# Data Generation Blueprint

## Introduction

Welcome to the **Data Generation Blueprint** notebook for Darepo! This notebook serves as the foundation for designing and building the data generation functionality of the Darepo web app. 
<br></br> 
**Goal**: *To create a flexible and scalable schema for generating realistic and structured tabular data that can be used for application testing, training ML & AI models, statistical analysis, and educational purposes*.

This notebook:
- Defines the different categories of data types (e.g., dates, categorical, numerical, and text).
- Breaks down these categories into subcategories and provides examples.
- Outlines constraints, relationships, and metadata attributes needed to create meaningful and realistic dummy data.

## Data Schema Design

This section defines and organizes the different categories of data types used in Darepo. The structure ensures a flexible and scalable schema, covering a variety of business scenarios while generating realistic dummy data. Each category is broken down into subcategories to capture the different ways data may appear in real datasets.

#### 1. Date

This category includes any time-related data, such as timestamps, dates, and time intervals. It is divided into:
   - **Timestamps**: Complete date and time values (e.g., `2024-10-13 14:35:00`).
   - **Dates Only**: Year, month, and day (e.g., `2024-10-13`).
   - **Times Only**: Hours, minutes, and seconds (e.g., `14:35:00`).


#### 2. Categorical

This category contains all non-numerical data that falls into distinct groups or categories. It is further divided into:
   - **Static Categories**: Fixed categories like product types, locations, or gender (e.g., “Electronics,” “New York,” “Male”).
   - **Dynamic Categories**: Context-specific categories that may vary over time (e.g., order status like “Pending,” “Shipped,” “Delivered”).
   - **Identifiers**: Unique strings such as product IDs, customer IDs, or user names.
   - **Boolean Categories**: Simple true/false or yes/no fields.
   

#### 3. Numerical

Numerical data is divided based on whether it’s continuous or discrete:
   - **Continuous Data**: Numeric values that can take on a wide range of values, often including decimals (e.g., prices, weights, temperatures).
   - **Discrete Data**: Numeric values counted in whole numbers (e.g., quantities, counts, ratings on a scale).
   - **Derived or Computed Data**: Values calculated based on other columns (e.g., “Total Price” = “Quantity” * “Price per Unit”).
   - **Ranges**: For numbers falling within a defined interval (e.g., ages from 18 to 65).
   

#### 4. Text Data (Separate Category)

While text data can sometimes be part of categorical data, separating it as its own category is helpful due to its variability in length and structure:
   - **Short Text**: Fields like "First Name" or "Job Title" that have a limited length.
   - **Long Text**: Descriptions, comments, or any unstructured text (e.g., product descriptions, customer feedback).
   - **Structured Text Patterns**: Text data that follows specific formats (e.g., email addresses, phone numbers, postal codes).
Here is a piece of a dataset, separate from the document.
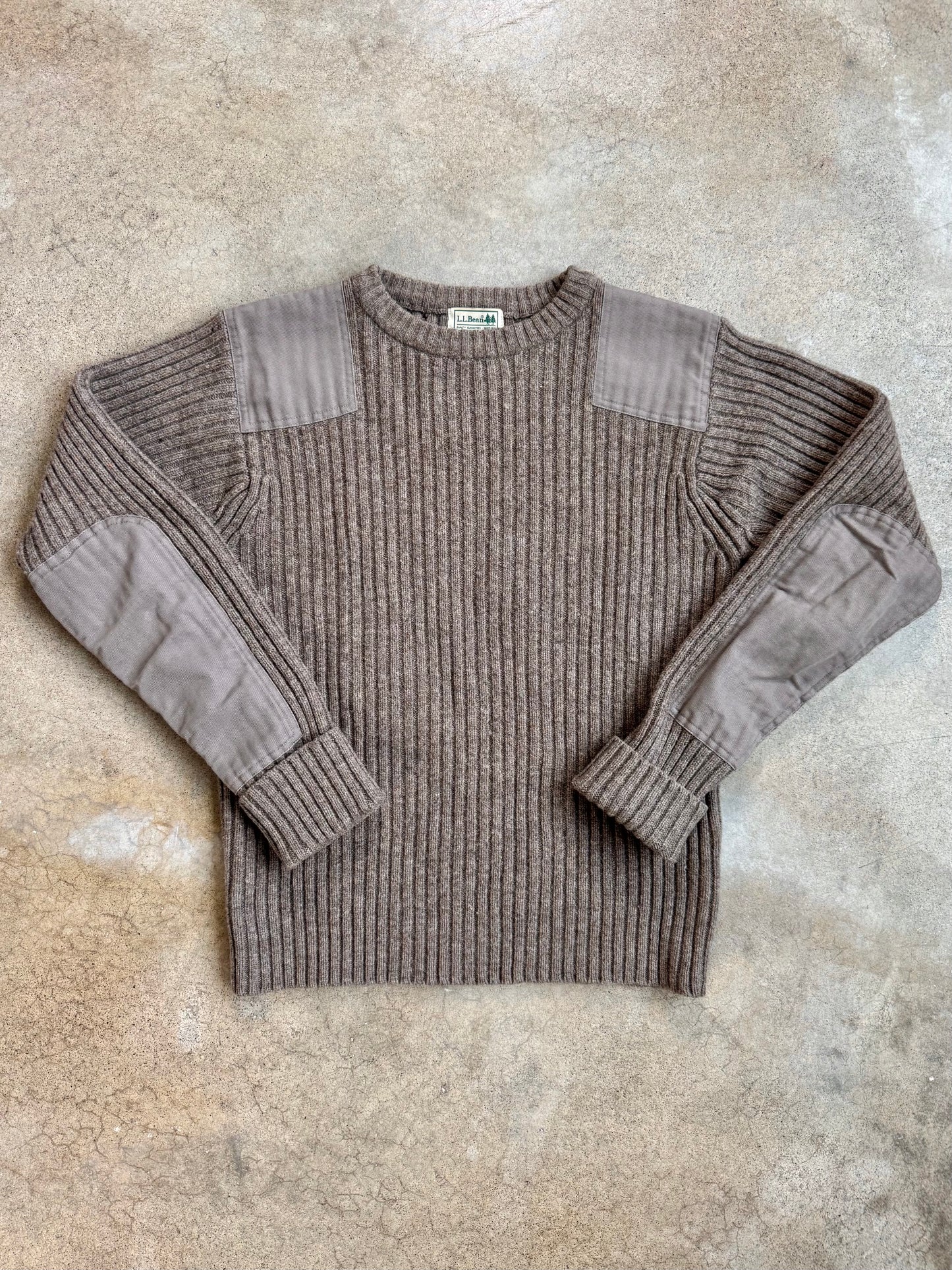 Vintage 1990s L.L. Bean Brown Military-Style Merino Wool Sweater | Small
#### 5. Hierarchical or Relational Data

Some datasets have hierarchical or nested relationships (e.g., categories and subcategories, regions and cities). Including this helps design columns that connect related data (e.g., "Country" -> "State" -> "City"). This is particularly useful for schemas involving inventory or sales data, where hierarchical relationships are common.

#### 6. Data Integrity and Constraints

Defining constraints and rules ensures the generated data is meaningful and realistic:
   - **Value Constraints**: For example, age values must fall between 0 and 120.
   - **Uniqueness**: Fields like "Email" or "ID" must be unique.
   - **Foreign Key Relationships**: Ensures linked columns (e.g., Customer ID) match records in another table.

#### 7. Metadata for Columns

Metadata documents each column’s purpose, data type, and constraints, making it easier to generate realistic and relevant data. Examples include:
   - **Data Type**: Specifies whether the column is date, categorical, numerical, text, etc.
   - **Range**: Defines the minimum and maximum values allowed for numerical data.
   - **Format**: For date columns or structured text (e.g., DD-MM-YYYY or phone numbers).
   - **Nullability**: Indicates whether the column can have missing (null) values.